What is Pointer to Member in C++?

A typed handle to a specific non-static member of a class, invoked against any instance of that class using the .* and ->* operators.

Which C++ standard introduced Pointer to Member?

Pointer to Member was introduced in C++98.

What is the difficulty level of Pointer to Member?

Pointer to Member is considered Intermediate-level C++ material.

Pointer to Member

Pointer to Membersince C++98

A pointer-to-member is a typed value that identifies a specific non-static data member or non-static member function of a class, independently of any object instance, and is applied to an instance at the call site using .* or ->*.

Overview

Pointer-to-member is a distinct type category in C++, separate from ordinary object pointers and function pointers. It encodes both the type of the member and the class it belongs to; it cannot be implicitly converted to void* or any other pointer type. A pointer-to-member carries no object with it — it is closer to an offset or a selector than a raw address.

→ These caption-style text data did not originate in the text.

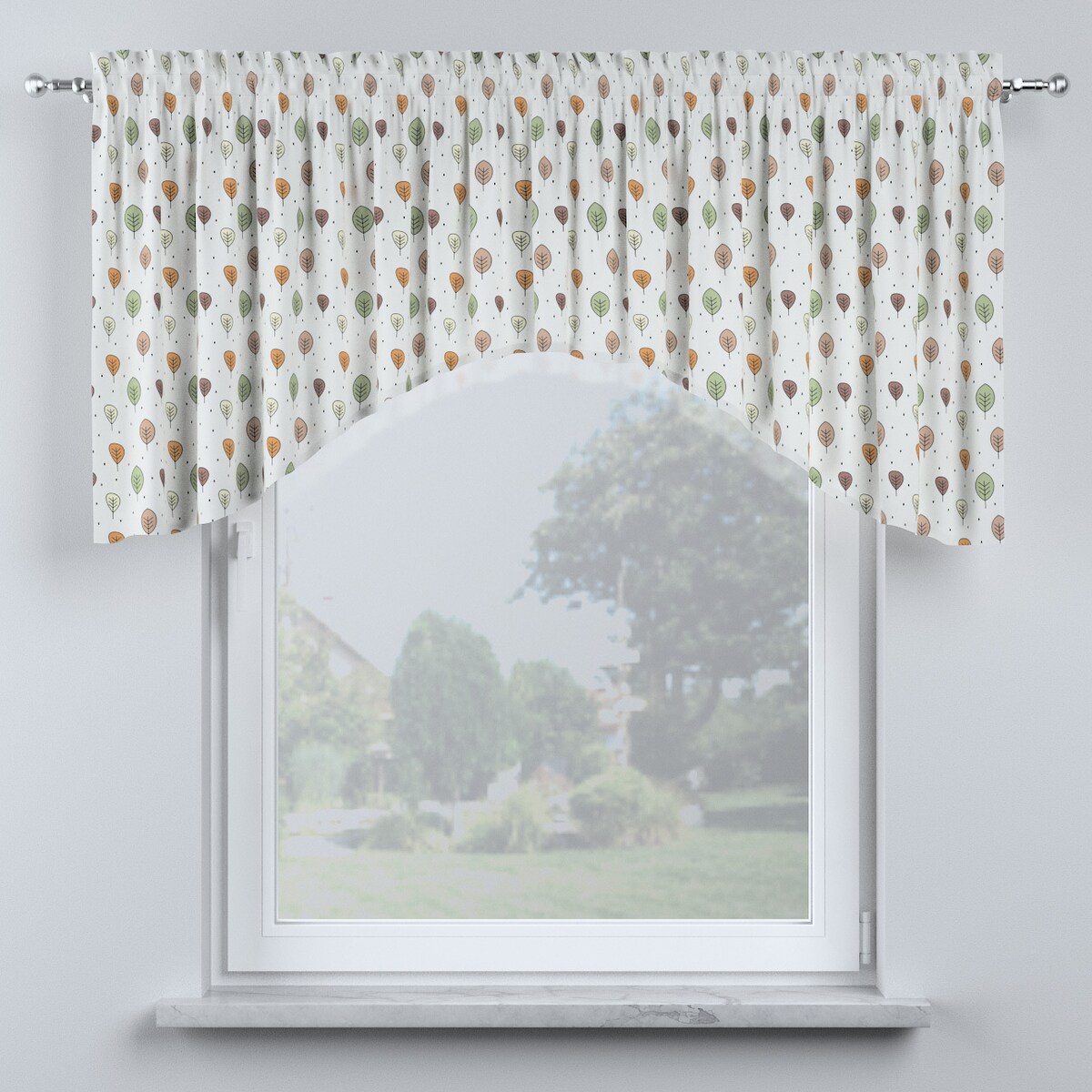 Lambrekin łuk 150x75 ecru-brązowy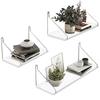 DFBL Wall Shelves, Non-Damaging, Wall-Mounted Storage, Perfect for Rentals, Set of 3, 30cm/40cm/50cm, No Drilling Required (White)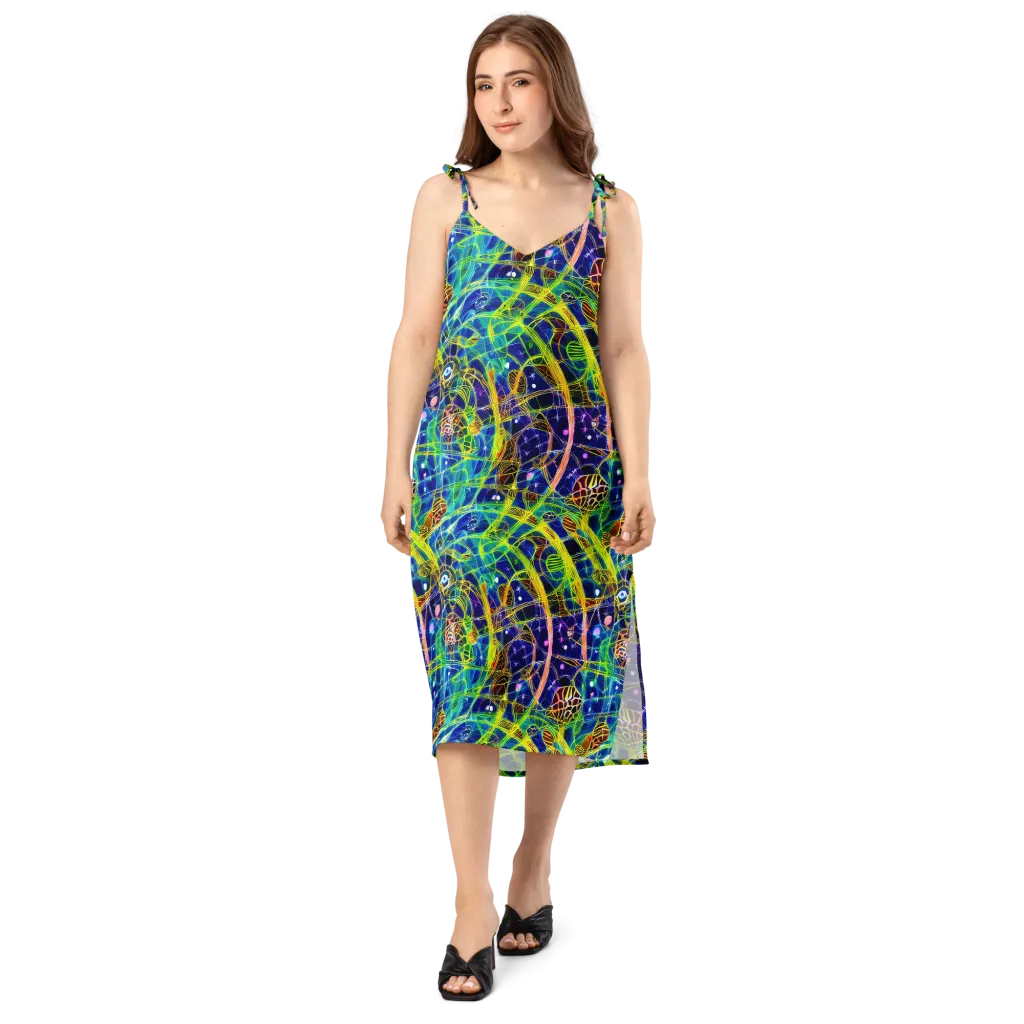 Prismatic Undergrowth on Slip Dress — Front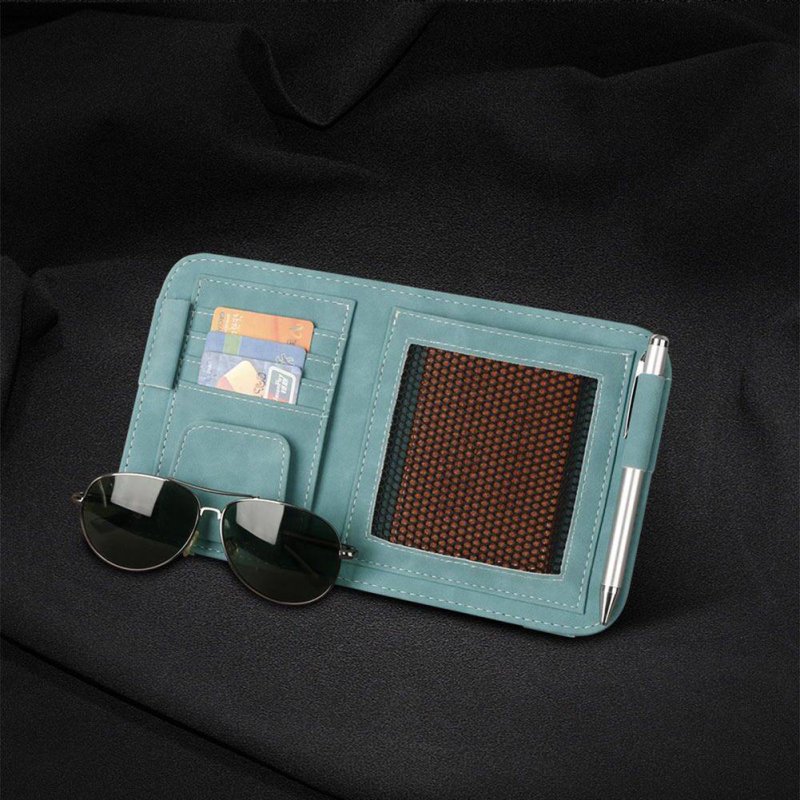 Car Sun Visor Organizer Bill Clip Multi-pocket Card Document Storage Pouch Glasses Holder 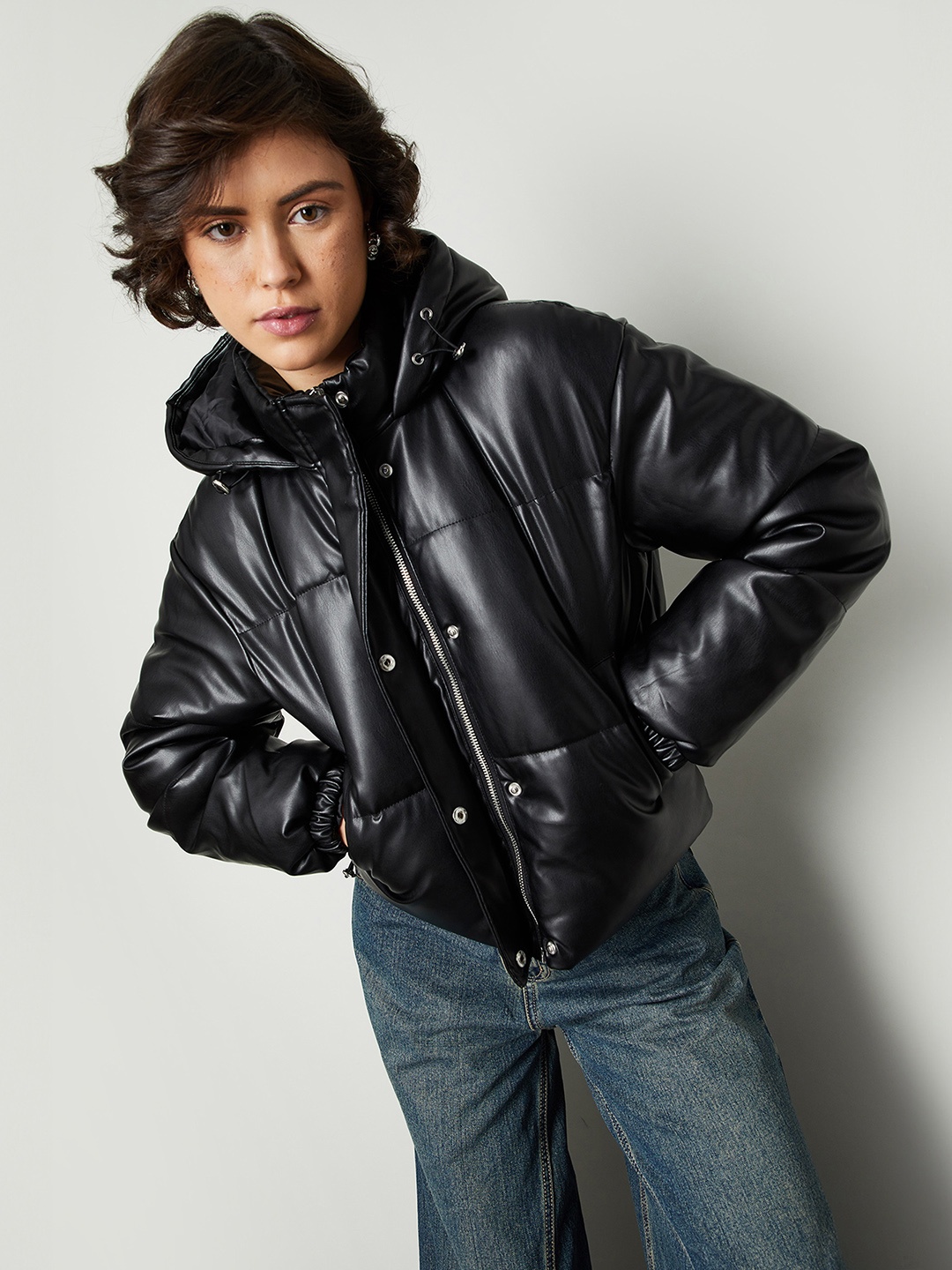 

max Women Polyester Puffer Jacket, Black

Two dedicated operators dereference pointer-to-members:

.* — when the object is available as a value or reference
->* — when the object is accessed through a pointer

Neither operator is overloadable.

There are two sub-categories:

Pointer to data member — selects a field by name, decoupled from any instance
Pointer to member function — selects a method by name and signature, decoupled from any instance

Both are first-class values: they can be stored in variables, passed to functions, returned from functions, and used as non-type template parameters.

Syntax

Pointer to data member

cpp

Godbolt

struct Point {
    double x;
    double y;
};

double Point::*px = &Point::x;  // pointer to data member
double Point::*py = &Point::y;

Point  p{3.0, 4.0};
Point* pp = &p;

double vx = p.*px;    // 3.0 — via object
double vy = pp->*py;  // 4.0 — via pointer

The declaration form is T Class::*name — a pointer to a member of Class with type T.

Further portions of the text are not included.